= MATERIAL FOR THIS TASK =

────────

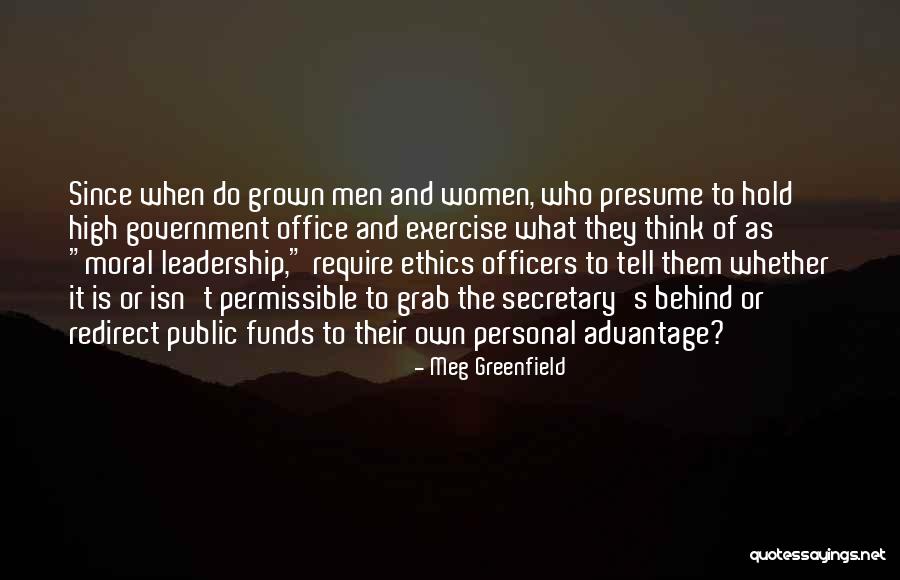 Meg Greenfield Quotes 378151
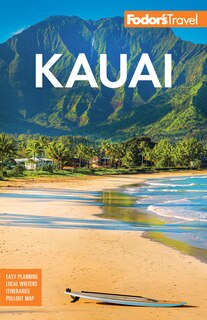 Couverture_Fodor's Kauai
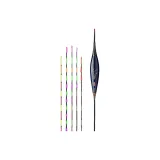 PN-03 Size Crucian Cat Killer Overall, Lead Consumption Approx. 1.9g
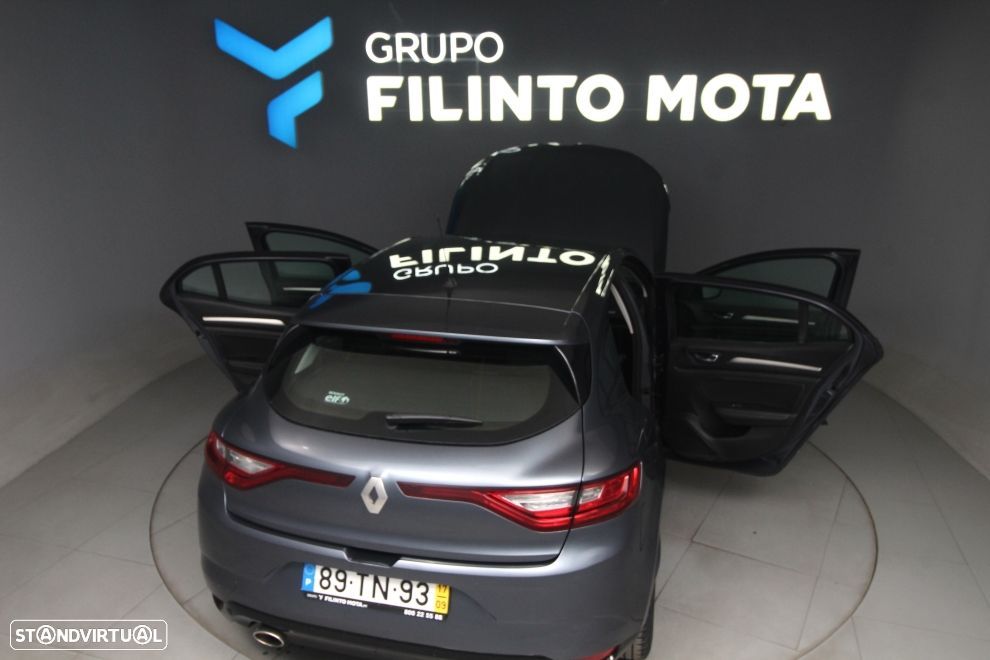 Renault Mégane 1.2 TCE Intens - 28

────────

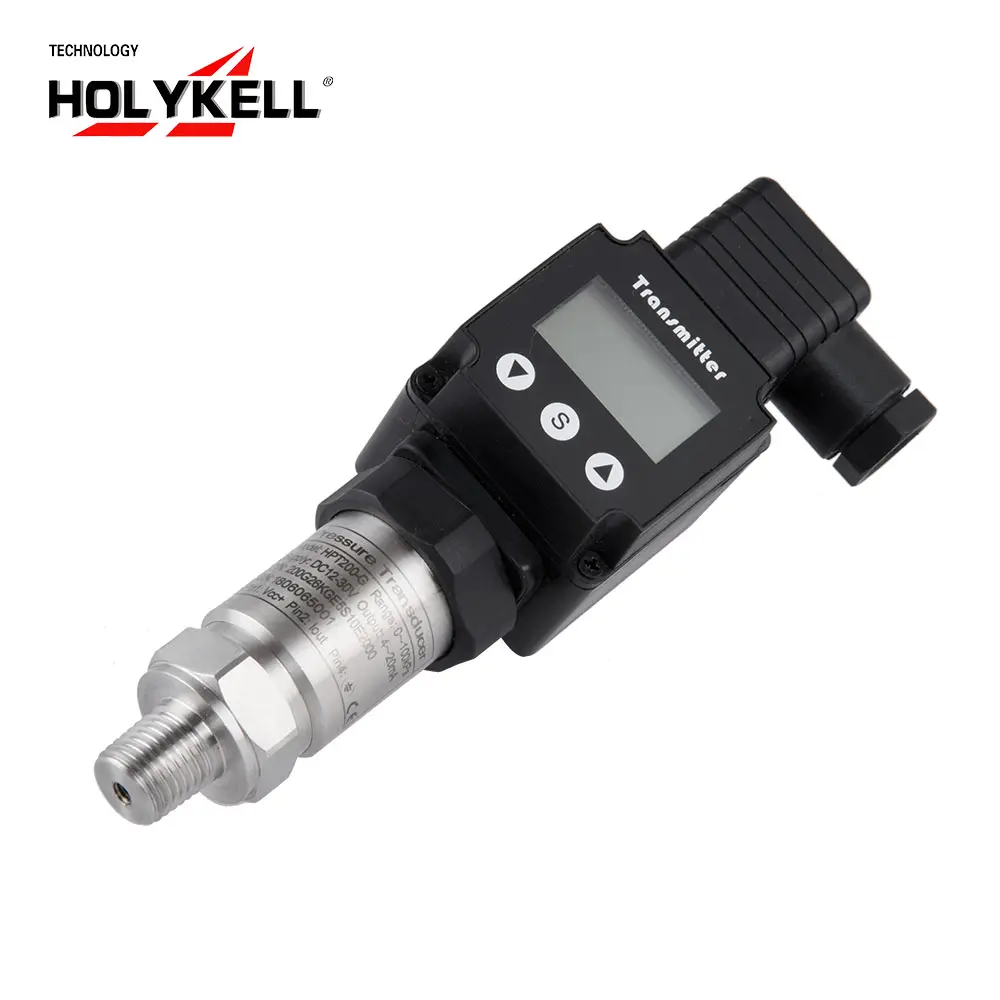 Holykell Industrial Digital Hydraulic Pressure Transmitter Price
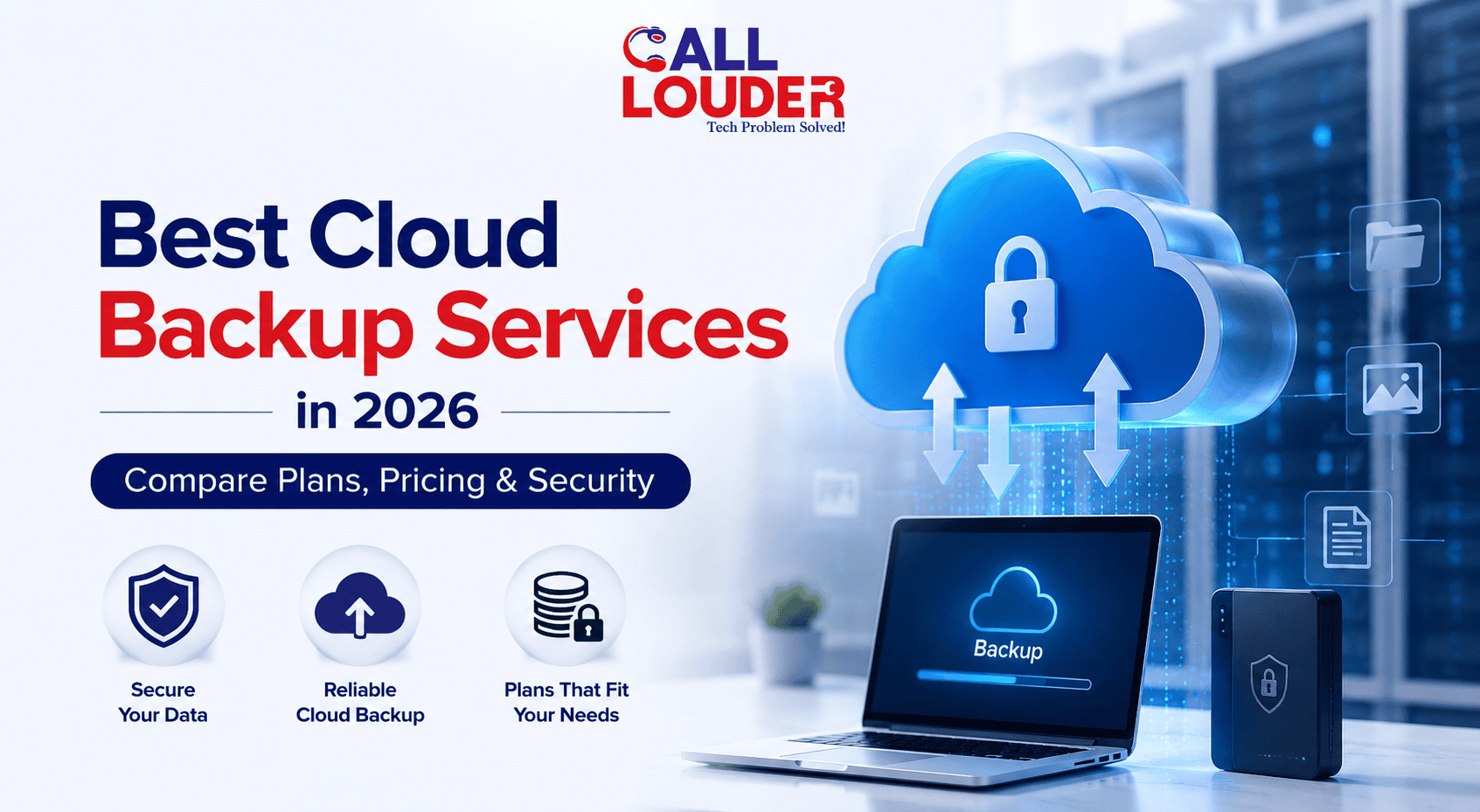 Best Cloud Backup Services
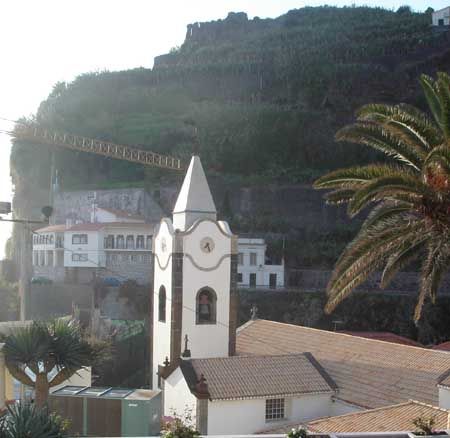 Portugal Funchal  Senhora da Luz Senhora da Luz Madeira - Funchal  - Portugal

────────

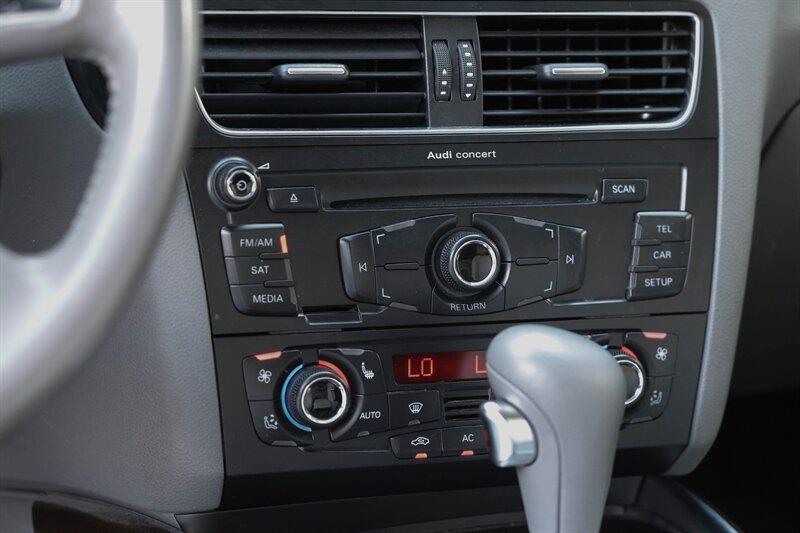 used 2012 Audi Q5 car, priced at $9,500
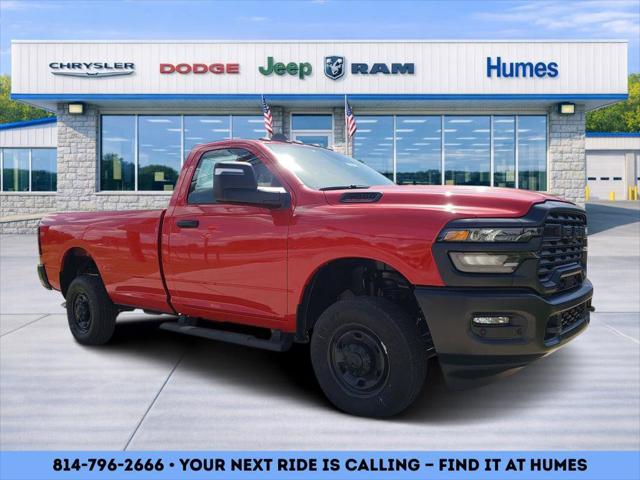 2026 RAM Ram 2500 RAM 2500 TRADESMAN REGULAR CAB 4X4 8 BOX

────────

= WHAT THE TASK REQUIRES =
Transcribe the listing above exactly, but only from the line with "Holykell Industrial Digital" through the line with "da Luz Senhora". Include both of those lines and omit the pictures.

= SOLUTION FOR THIS TASK =
 Holykell Industrial Digital Hydraulic Pressure Transmitter Price
 Best Cloud Backup Services
 Portugal Funchal  Senhora da Luz Senhora da Luz Madeira - Funchal  - Portugal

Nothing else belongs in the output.